L'eau et le ciel éveillent la pensée de l'insignifiance et de la fugacité de la vie. Le vent secoue les arbres, pousse les nuages, entraîne le spectateur dans l'immensité du nord. La sombre majesté de la nature n'a comme contrepartie que la minuscule lumière à la fenêtre de l'église.
C'est un des tableaux russes les plus suggestifs du début du XXe siècle dans lequel Levitan évoque, comme au travers d'une lentille grand angle, le caractère infini et la sérénité mélancolique du paysage russe.
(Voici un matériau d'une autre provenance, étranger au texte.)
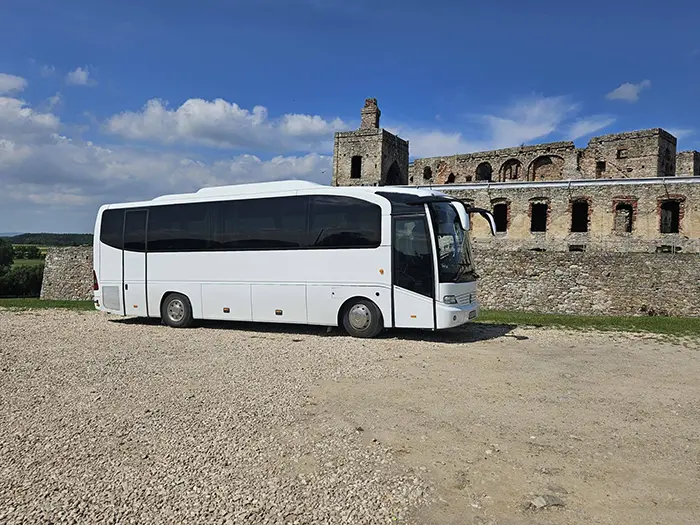 Autobus Hub-Trans OPOCZNO przewóz osób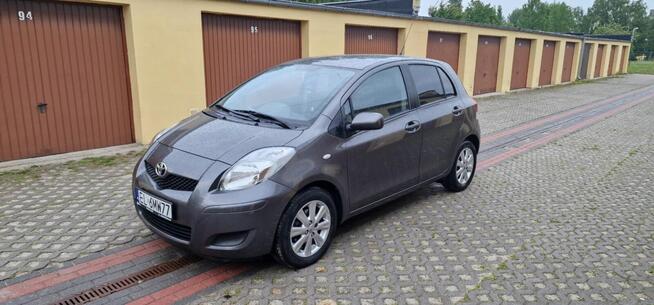 Toyota Yaris II 1.3 benzyna Łódź - zdjęcie 1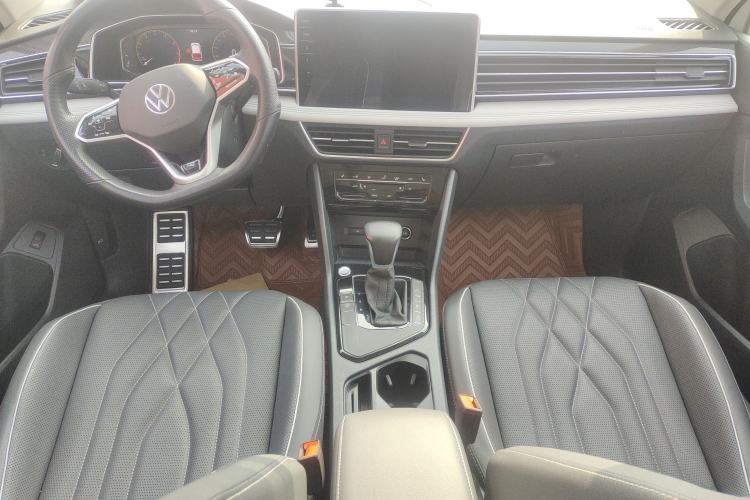 Used Volkswagen Tiguan L 2022 330TSI Automatic Two-Wheel Drive R-Line Enhanced Edition Center Console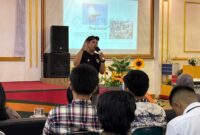 Potret Sanovra saat memaparkan materi, (Foto: Profesi)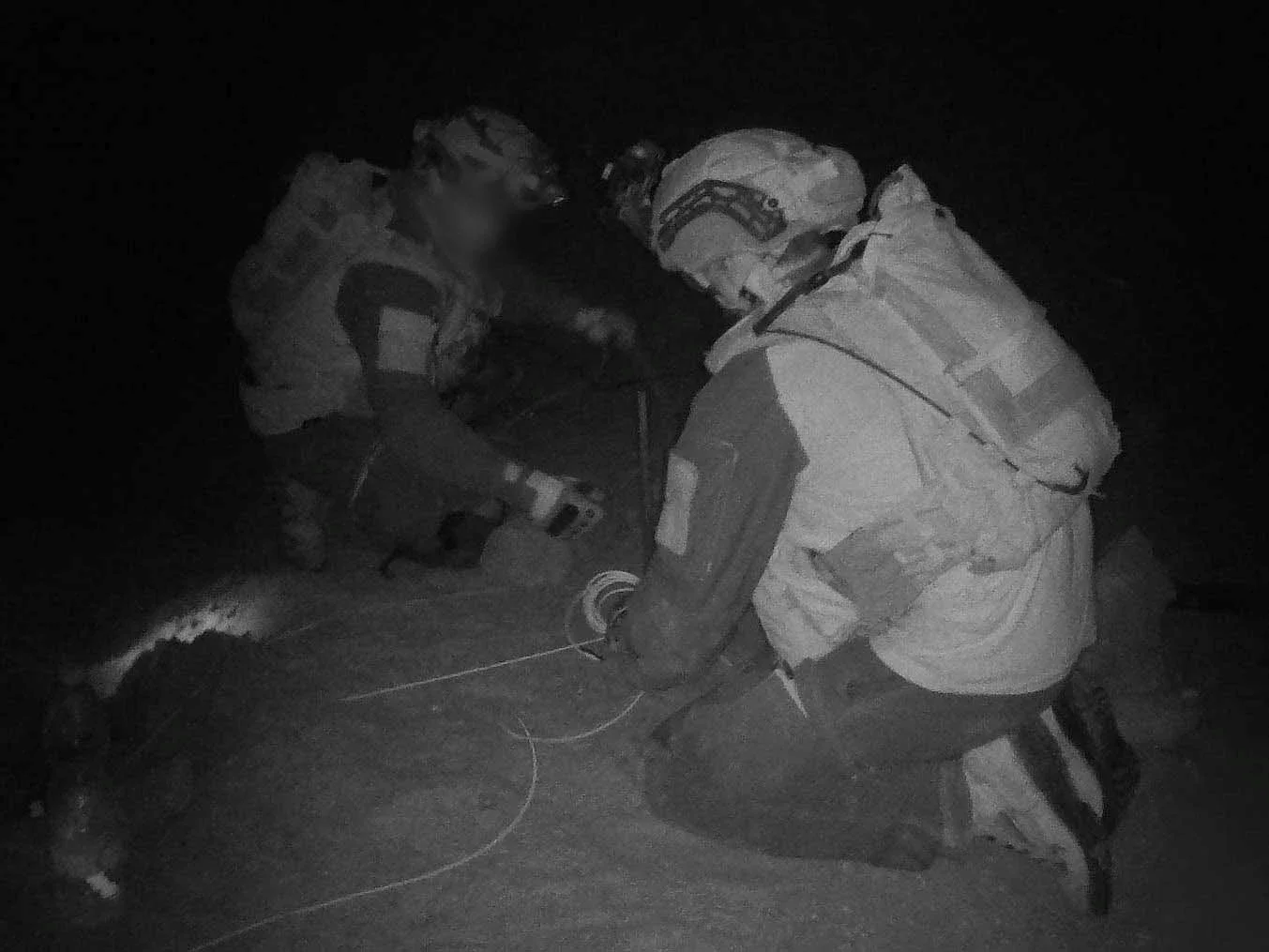 לוחמינו פועלים להשמדת פיר מנהרה ברפיח.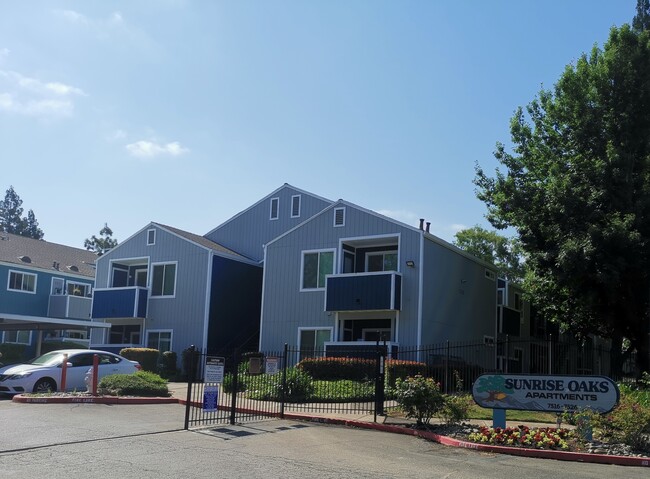 Sunrise Oaks in Citrus Heights, CA - Foto de edificio - Building Photo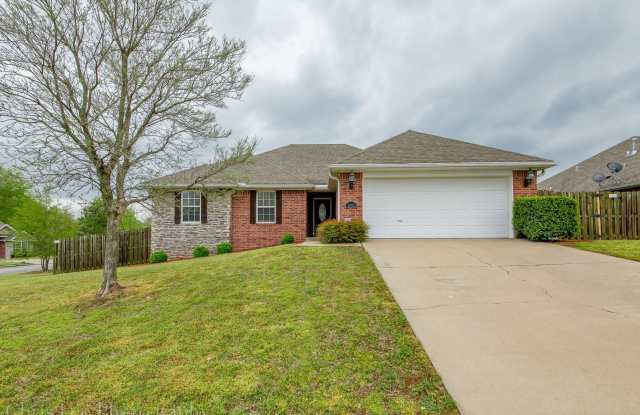 Spacious 3 Bedroom Home on Corner Lot! Must See! photos photos
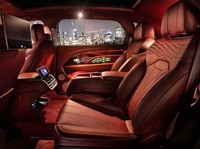 凝ったイルミネーションによるラグジュアリー感の演出も自慢のひとつ。「ベンテイガEWB」は、内装のトリムだけで240億通りの組み合わせが可能になっている。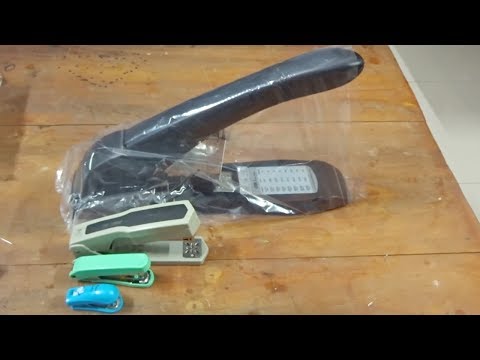 Video Đập hộp Máy dập gim đại Deli 0395 - youtube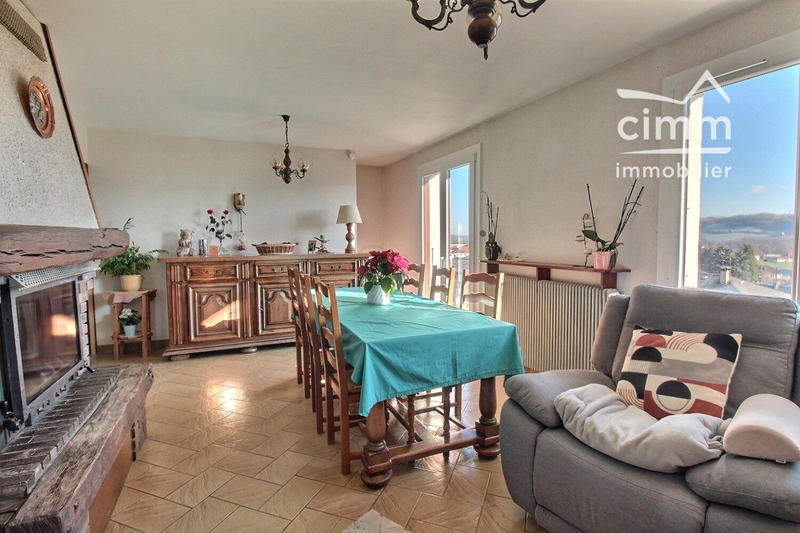 Maison - 164 m² - 6 pièces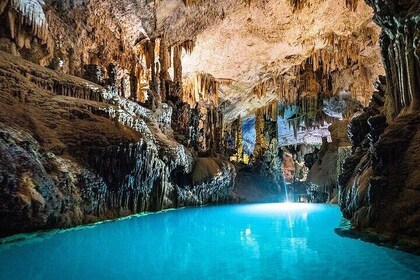 Small Group Tours to Jeita Grotto and Byblos with tickets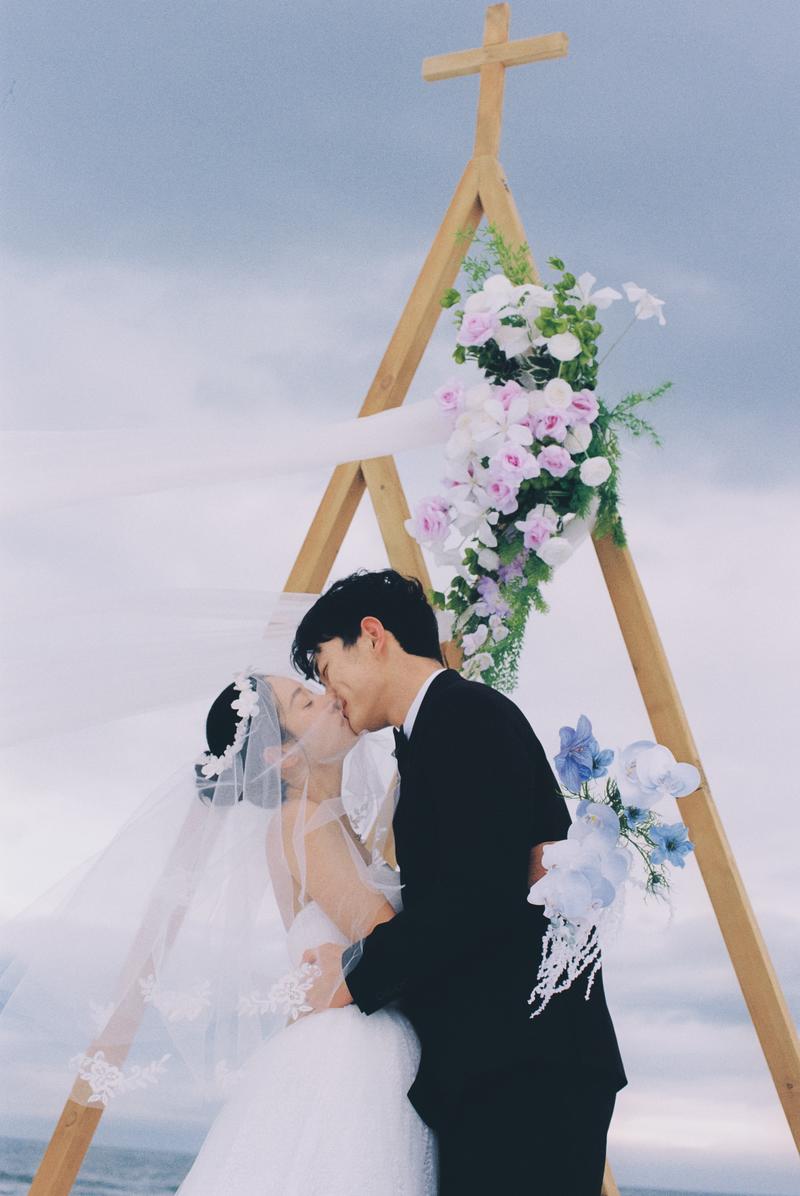 在北海道无人的海边举办了目的地婚礼 第5张 日本婚纱照 日本旅拍 北海道婚纱照 日本尼鹿摄影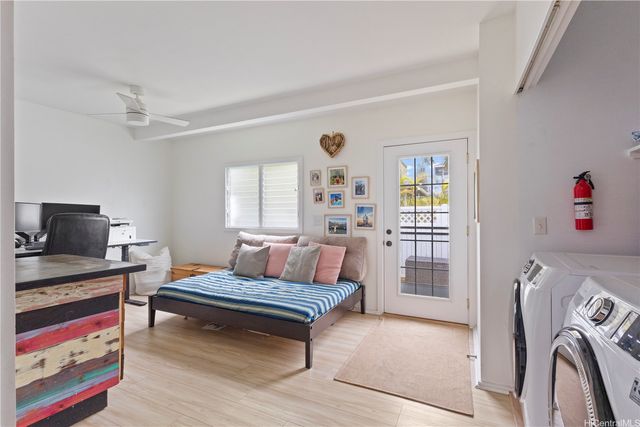 32 Pilipu Place A, Kailua, HI 96734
La brillance et la lumière réfractée dans les eaux, la structure fortement horizontale en font un exemple du luminisme russe[4].
Travail sur le tableau
Le travail sur la tableau Paix éternelle commence en 1893, alors qu'Isaac Levitan vit dans le gouvernement de Tver[5],[6]. D'abord, à l'invitation du ténor Laurent Donskoï(ru), le peintre visite la propriété Garino sur la rivière Msta[7]. Puis, avec sa compagne, peintre elle aussi, Sofia Kouvchinnikova, Levitan arrive en train à la station Troïtsa[8],[9] (aujourd'hui — Oudomlia), qui à cette époque faisait partie de la ligne de chemin de fer Moscou-Rybinsk[10]. Ils rencontrent à la station un paysan du village de Doronino, un certain Philippe Petrov qui leur recommande de rester dans le domaine des Ouchakov à Ostrovno, en leur précisant qu'on y accueille volontiers les estivants, et qu'il les conduira jusque là [11],[7]. Le manoir du domaine est situé au bord du lac d'Ostrovno, sur lequel émergent trois îles[12].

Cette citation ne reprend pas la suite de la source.